From Consciousness to Quantum Mechanics

Perhaps most remarkably, CACHI provides a natural derivation of the Born rule in quantum physics - traditionally asserted, but never derived. In the Many-Worlds Interpretation (MWI), all possible outcomes occur, but consciousness only experiences one. Why are some outcomes more likely than others?

CACHI answers this by showing how CHI naturally introduces a consciousness selection function over branches of the wavefunction. It finds a phenomenological viability to each branch based on the CHI cost of integrating its deviation:

  𝑝ᵢ ∝ 1 / (Δ𝐾̂ᵢ × Δ𝑇ᵢ)

Where:

• Δ𝐾̂ᵢ and Δ𝑇ᵢ measure the deviation in program length and depth for branch i

• 𝑝ᵢ is the relative likelihood of that branch being experienced

• This yields a quadratic suppression of unlikely outcomes, matching the empirically confirmed Born rule: 𝑝ᵢ = |𝑐ᵢ|²

This frames consciousness not as a passive observer but as an active filter on reality - selecting branches compatible with informational coherence. It is what gives the observer’s history its classical stability, despite the underlying quantum foam.

Quantum Immortality

A startling implication of this is quantum immortality. In the infinite branching of Many Worlds, why should consciousness ever end? CACHI explains that phenomenal awareness only arises in branches where complexity homeostasis (CHI) can still be maintained. Branches where disintegration or incoherence dominate simply fall outside the domain of experience, because integration itself is a precondition for being conscious of that branch. Thus, the thread of consciousness naturally continues along survivable, coherent branches.

This reframes immortality not as a mystical guarantee but as a structural necessity: the same compulsion that makes boredom intolerable drives the negotiator program forward into branches rich with novelty and stability. Even aging is constrained by CHI: limits on memory capacity and coherence narrow the viable experiential range, preventing the absurd scenario of endlessly ancient individuals. What persists is not brute bodily survival, but the continuity of phenomenally coherent experience.

In effect, CACHI shows that consciousness is compelled to “survival-compatible” paths in the multiverse, ensuring that from the first-person perspective, existence never terminates. This aligns naturally with theological concepts of eternal life: the negotiator functions as a kind of soul, threading indefinitely through viable branches. Favorable continuations (stable, meaningful, coherent) are experienced as heaven-like; unfavorable ones (unstable, incoherent, isolating) as hell-like.
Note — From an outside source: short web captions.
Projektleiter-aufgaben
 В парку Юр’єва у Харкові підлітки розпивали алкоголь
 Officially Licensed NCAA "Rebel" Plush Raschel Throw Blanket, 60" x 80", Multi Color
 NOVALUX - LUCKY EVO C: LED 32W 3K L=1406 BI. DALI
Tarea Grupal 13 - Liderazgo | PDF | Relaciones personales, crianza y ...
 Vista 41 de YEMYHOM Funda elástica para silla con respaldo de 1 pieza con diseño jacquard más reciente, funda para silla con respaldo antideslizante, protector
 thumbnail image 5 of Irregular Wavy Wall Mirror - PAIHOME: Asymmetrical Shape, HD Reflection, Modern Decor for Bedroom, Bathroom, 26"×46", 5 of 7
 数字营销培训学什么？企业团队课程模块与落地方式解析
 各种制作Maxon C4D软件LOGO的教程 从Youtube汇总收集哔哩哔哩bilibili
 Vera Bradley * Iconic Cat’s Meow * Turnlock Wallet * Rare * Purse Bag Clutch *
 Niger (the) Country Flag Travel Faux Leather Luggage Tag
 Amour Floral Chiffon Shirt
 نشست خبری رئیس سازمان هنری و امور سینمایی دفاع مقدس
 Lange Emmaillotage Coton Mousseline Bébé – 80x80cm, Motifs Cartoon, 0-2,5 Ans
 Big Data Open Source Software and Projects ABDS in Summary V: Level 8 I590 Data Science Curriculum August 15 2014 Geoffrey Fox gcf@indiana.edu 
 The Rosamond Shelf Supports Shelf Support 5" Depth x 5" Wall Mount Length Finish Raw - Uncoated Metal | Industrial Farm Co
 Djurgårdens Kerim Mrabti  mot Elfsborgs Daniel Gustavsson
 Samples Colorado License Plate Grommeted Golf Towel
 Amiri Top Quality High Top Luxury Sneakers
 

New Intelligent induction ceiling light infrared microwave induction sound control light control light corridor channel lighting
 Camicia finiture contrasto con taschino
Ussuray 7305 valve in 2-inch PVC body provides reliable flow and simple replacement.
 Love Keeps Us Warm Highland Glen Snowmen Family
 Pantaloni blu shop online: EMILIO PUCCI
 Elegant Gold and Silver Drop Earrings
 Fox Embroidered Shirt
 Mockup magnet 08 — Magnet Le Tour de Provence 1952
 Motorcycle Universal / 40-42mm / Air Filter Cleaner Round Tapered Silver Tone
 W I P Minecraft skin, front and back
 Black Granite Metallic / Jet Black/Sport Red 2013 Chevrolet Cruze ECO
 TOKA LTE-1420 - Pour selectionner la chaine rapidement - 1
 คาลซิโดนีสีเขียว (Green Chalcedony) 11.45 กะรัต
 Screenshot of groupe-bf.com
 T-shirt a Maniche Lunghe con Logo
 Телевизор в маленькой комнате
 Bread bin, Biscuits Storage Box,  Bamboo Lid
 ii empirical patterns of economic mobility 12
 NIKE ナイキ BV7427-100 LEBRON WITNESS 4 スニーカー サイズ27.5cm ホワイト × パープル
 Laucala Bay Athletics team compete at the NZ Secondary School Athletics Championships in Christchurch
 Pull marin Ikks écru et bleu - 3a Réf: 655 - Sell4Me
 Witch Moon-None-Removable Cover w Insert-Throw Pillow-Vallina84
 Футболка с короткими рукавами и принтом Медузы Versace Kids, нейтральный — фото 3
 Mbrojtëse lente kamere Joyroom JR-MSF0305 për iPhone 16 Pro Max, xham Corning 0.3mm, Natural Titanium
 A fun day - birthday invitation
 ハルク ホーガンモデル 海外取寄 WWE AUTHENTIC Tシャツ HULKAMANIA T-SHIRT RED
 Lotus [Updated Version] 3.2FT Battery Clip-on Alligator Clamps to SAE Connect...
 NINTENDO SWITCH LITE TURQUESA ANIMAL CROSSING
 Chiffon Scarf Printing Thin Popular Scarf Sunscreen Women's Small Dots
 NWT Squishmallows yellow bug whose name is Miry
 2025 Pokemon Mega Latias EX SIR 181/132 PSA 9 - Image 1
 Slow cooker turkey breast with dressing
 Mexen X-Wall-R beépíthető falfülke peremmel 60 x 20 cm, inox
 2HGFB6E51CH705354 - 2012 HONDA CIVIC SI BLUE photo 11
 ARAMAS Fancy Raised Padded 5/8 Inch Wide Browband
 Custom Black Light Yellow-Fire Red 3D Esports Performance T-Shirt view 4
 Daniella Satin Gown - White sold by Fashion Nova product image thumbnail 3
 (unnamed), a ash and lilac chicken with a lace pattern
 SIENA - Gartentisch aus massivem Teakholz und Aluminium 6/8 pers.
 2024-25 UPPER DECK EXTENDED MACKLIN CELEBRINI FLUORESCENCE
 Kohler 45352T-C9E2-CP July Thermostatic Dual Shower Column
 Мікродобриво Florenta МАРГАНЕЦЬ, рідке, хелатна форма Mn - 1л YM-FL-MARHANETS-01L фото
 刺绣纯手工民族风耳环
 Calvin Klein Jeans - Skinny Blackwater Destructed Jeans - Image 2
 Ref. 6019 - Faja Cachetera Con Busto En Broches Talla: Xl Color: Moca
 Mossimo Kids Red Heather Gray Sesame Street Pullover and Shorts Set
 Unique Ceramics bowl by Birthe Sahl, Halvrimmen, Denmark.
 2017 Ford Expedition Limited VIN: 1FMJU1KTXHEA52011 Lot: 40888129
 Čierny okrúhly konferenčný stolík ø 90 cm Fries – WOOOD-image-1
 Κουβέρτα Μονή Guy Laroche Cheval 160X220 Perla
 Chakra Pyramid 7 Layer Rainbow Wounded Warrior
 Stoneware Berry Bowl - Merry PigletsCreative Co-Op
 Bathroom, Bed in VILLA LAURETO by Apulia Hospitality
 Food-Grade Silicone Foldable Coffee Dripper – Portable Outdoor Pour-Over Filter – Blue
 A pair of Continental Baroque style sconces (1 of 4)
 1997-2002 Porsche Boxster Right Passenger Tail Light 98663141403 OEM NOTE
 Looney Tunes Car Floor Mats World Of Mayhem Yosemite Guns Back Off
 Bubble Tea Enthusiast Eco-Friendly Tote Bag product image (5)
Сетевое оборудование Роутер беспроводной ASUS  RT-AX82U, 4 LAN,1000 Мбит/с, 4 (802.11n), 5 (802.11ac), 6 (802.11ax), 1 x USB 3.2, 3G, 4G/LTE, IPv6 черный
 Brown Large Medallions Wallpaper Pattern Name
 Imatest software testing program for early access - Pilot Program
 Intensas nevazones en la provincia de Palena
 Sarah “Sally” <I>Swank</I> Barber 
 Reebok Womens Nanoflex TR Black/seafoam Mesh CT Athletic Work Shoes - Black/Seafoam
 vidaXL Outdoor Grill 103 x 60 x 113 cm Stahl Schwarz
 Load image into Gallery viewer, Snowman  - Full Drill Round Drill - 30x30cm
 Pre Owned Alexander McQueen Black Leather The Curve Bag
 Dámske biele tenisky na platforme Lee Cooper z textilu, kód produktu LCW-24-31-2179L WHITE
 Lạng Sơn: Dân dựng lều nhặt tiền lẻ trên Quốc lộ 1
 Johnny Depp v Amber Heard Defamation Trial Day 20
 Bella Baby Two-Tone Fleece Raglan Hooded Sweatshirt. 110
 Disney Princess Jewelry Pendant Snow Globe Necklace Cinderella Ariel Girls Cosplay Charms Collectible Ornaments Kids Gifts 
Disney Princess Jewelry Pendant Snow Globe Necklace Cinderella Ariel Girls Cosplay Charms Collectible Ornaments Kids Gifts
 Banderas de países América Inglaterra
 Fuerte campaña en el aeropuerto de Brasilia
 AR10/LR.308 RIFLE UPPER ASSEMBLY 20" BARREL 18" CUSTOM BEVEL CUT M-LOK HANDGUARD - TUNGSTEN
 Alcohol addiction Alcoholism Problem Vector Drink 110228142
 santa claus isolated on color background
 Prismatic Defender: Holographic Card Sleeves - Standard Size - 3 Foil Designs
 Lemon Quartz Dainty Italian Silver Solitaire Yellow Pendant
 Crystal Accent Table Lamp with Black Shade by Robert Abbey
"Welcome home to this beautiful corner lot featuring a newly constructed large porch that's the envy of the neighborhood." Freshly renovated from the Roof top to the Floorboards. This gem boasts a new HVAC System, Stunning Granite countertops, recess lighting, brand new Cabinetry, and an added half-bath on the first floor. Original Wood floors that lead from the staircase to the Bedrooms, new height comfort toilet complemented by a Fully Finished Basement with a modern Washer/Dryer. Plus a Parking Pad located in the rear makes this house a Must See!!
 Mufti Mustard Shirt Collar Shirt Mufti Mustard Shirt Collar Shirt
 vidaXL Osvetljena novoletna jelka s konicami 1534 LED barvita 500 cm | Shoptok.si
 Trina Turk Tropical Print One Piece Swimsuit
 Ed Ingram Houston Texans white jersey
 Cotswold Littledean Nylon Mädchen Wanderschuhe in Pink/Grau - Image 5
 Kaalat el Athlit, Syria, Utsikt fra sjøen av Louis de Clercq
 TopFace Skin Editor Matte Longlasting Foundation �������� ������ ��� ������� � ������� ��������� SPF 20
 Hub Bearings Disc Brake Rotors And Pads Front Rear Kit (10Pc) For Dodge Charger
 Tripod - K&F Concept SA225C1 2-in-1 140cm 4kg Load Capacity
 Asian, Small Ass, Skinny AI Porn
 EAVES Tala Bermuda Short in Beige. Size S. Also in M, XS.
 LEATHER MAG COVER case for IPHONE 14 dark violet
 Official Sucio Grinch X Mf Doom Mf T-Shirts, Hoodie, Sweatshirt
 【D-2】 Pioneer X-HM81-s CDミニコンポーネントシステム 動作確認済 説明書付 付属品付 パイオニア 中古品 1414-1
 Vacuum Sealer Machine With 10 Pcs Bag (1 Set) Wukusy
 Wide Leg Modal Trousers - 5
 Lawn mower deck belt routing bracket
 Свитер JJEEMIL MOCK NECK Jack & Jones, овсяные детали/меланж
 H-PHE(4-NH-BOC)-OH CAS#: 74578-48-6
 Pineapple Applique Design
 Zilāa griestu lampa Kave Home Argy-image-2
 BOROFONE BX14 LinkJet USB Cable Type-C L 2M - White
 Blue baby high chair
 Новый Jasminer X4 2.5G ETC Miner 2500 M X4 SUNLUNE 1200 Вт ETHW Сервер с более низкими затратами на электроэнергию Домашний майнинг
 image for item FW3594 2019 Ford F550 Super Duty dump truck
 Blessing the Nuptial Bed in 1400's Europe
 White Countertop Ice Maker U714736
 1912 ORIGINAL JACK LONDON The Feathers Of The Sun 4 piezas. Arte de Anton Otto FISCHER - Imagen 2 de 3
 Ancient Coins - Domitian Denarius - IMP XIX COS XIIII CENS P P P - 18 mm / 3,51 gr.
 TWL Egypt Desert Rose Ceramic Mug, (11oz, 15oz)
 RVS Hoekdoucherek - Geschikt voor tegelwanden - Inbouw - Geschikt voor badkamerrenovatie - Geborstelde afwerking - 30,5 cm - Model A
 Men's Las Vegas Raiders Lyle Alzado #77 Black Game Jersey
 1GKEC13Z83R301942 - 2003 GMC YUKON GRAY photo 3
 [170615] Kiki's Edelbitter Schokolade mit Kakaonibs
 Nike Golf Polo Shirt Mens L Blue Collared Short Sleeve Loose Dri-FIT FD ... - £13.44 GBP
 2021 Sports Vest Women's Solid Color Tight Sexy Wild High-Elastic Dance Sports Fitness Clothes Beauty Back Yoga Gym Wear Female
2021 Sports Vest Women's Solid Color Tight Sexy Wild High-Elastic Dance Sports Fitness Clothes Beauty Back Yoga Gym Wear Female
Either way, continuation is inevitable.

Phenomenology and Predictions

CACHI doesn’t just speculate; it predicts.

• Time dilation under danger, drugs, or anesthesia emerges directly from changes in computational depth.

• Neural synchrony across brain regions, often puzzling to neuroscientists, is expected: dense complexity sources (like other brains) must align for CHI to stabilize.

• Incommunicability of qualia - the private feel of experience — follows because each consciousness negotiates its own unique history of inputs, making precise sharing impossible.

• Homeostatic Integration Correction Signals (HICS) - feelings like boredom, anxiety, guilt - are not random emotions but correction signals when complexity veers from its set-point.

These phenomena are not side-effects. They are the lived texture of consciousness regulating itself.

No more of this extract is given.